* **Given material**:
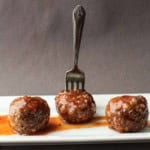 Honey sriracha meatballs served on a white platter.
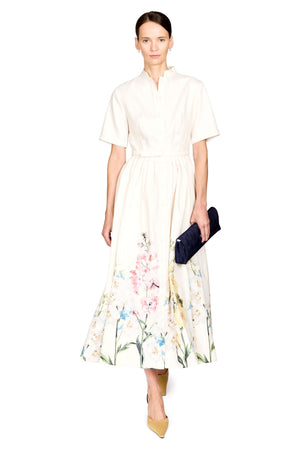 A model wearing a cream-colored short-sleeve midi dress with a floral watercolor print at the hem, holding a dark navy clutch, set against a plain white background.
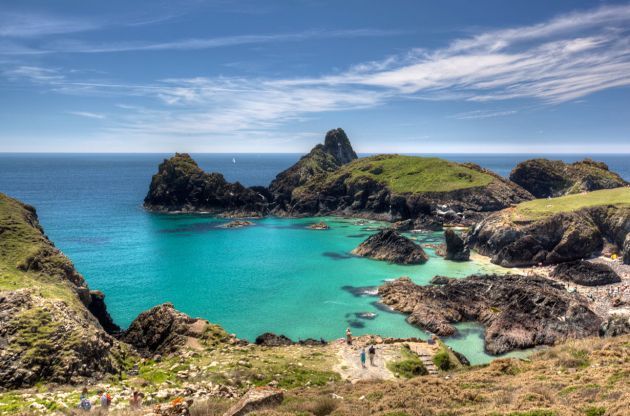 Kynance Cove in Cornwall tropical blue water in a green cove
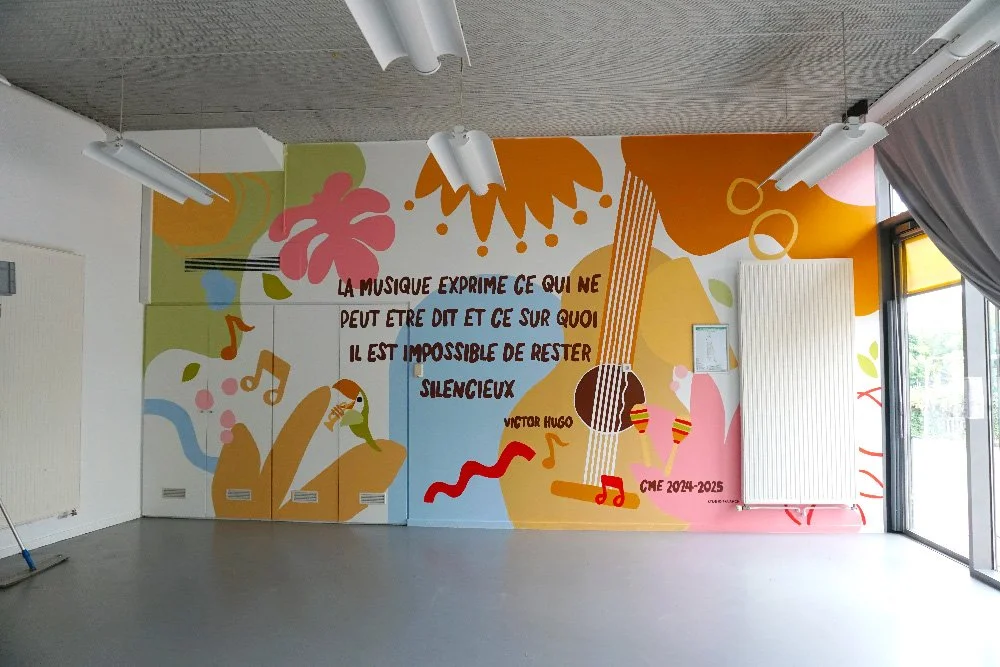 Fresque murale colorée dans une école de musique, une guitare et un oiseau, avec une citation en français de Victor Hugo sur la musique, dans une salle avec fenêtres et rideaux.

* **About this exercise**:
Copy only what lies between the start of the listing above and the line containing "Kynance Cove in", inclusive of both ends, exactly as written, and drop the pictures.

* **Written response**:
 Honey sriracha meatballs served on a white platter.
 A model wearing a cream-colored short-sleeve midi dress with a floral watercolor print at the hem, holding a dark navy clutch, set against a plain white background.
 Kynance Cove in Cornwall tropical blue water in a green cove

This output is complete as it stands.